When the tour was announced, the High Commissioner for Pakistan Mohammad Nafees Zakaria said the upcoming royal visit was a reflection of the importance the United Kingdom attached to its relations with Pakistan.
“The two countries enjoy historical links which both sides wish to strengthen further,” he added.
Here is an overview of the British-Pakistani relationship and the current political tensions in the region.
The royal visit – at the request of the Foreign and Commonwealth Office – will pay respect to the historical relationship between Britain and Pakistan.
With Brexit looming, the tour comes as London hopes to strengthen its international relationships, while Islamabad is keen to promote itself as a tourist destination amid concerns over security in the region.
British Airways resumed flights to Pakistan earlier this year after they were suspended due to security fears more than a decade ago.
According to the Department for International Trade, UK-Pakistan bilateral trade in 2017 was £2.9 billion – exports of goods and services from the UK totalled £1.1 billion.
More than 1.5 million people of Pakistani origin currently live in the UK, with an estimated 270,000 British nationals visiting the country every year.
William and Kate’s visit to the region will be the first royal tour in the tenure of Prime Minister Imran Khan after his election last year.
The former international cricketer launched his political career in 1996 when he founded centrist party Pakistan Tehreek-e-Insaf.
Mr Khan – who captained Pakistan’s national side – was previously married to British socialite Jemima Goldsmith. The couple were a friend of William’s mother Diana, Princess of Wales.
The current President of Pakistan is Arif Alvi, whose role is largely ceremonial.
The royal visit comes amid heightened tensions between Pakistan and India over the disputed region of Kashmir.
The neighbouring countries have fought three wars since independence from Britain and partition in 1947 – two of them over Kashmir.

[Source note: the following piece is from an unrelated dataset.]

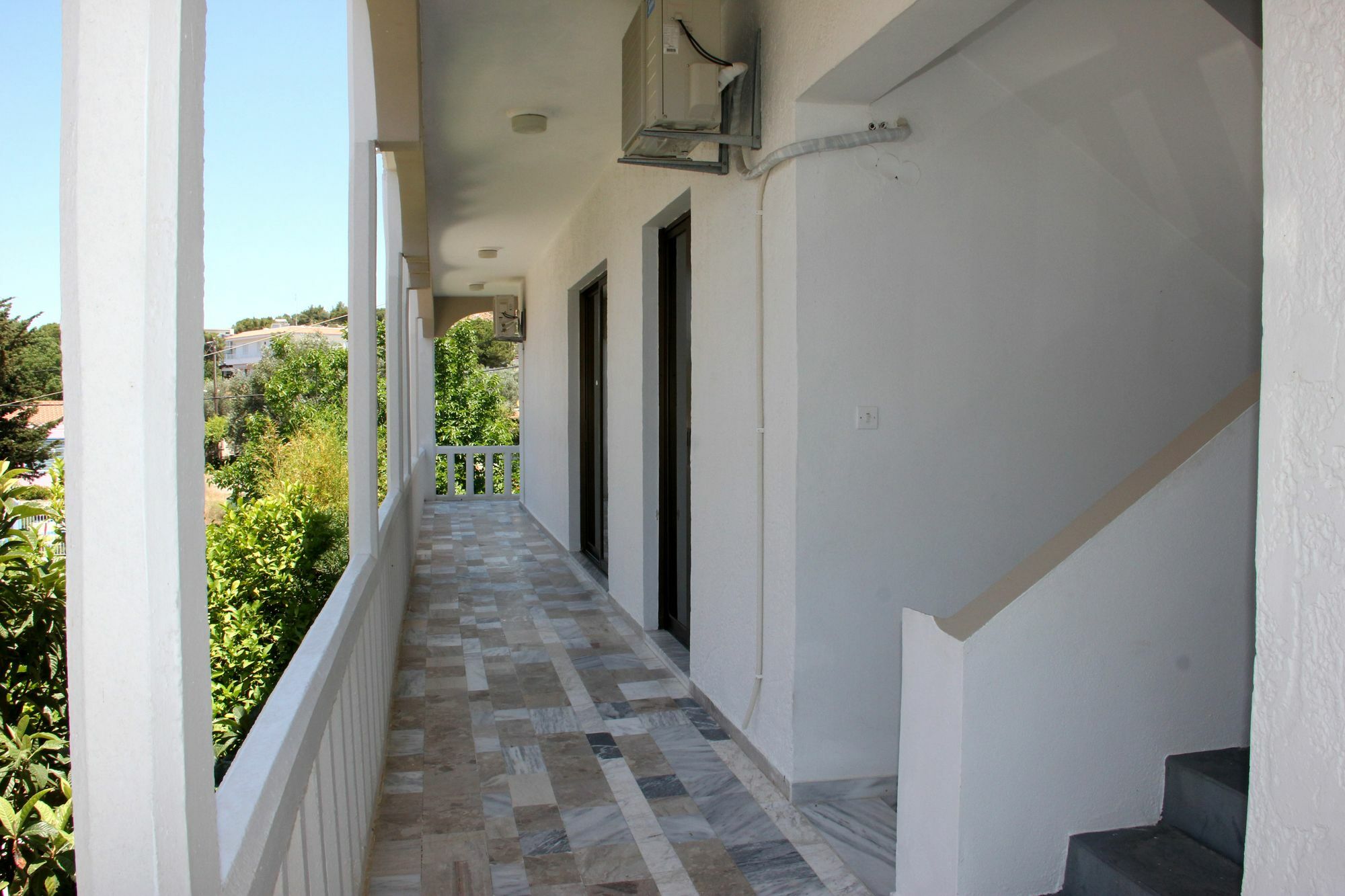 Hotel Ikaros Архангелос Екстериор снимка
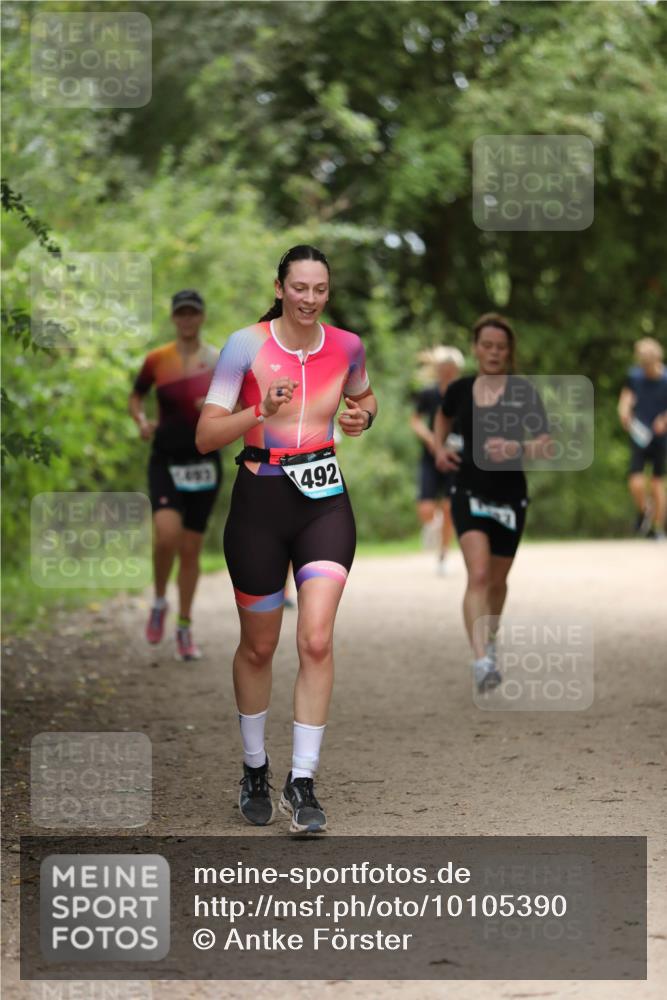 30.08.2026 - Elbe Triathlon Hamburg Antke Förster http://msf.ph/oto/10105390 30.08.2026 12:03:58 Laufen 492 meine-sportfotos.de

Authorities in Delhi and Islamabad both claim the Himalayan region in full, but each controls a section of the territory, recognised internationally as “Indian-administered Kashmir” and “Pakistan-administered Kashmir”.
Low-level skirmishes are not unusual over the frontier, but hostilities have increased this year. India’s home ministry claims there have been 2,000 “unprovoked” ceasefire violations, and Pakistan says that 45 people have been killed by Indian forces firing across the border since the start of 2019.
The Foreign Office advises against travel to the Line of Control – a de facto border which marks where the region is divided.
The Foreign Office also states on its website that “terrorists are very likely to try and carry out attacks in Pakistan”.
There have been a number of security incidents in recent months, including a bombing outside a shrine in central Lahore, as well as an attack by armed militants on the Pearl Continental Hotel in Gwadar, Balochistan.
When the Prince of Wales and Duchess of Cornwall travelled to Pakistan in 2006, their visit was seen as one of the most perilous royal foreign tours for some time.
They were forced to pull out of a visit to Peshawar in the North-West Frontier Province due to fears over their safety.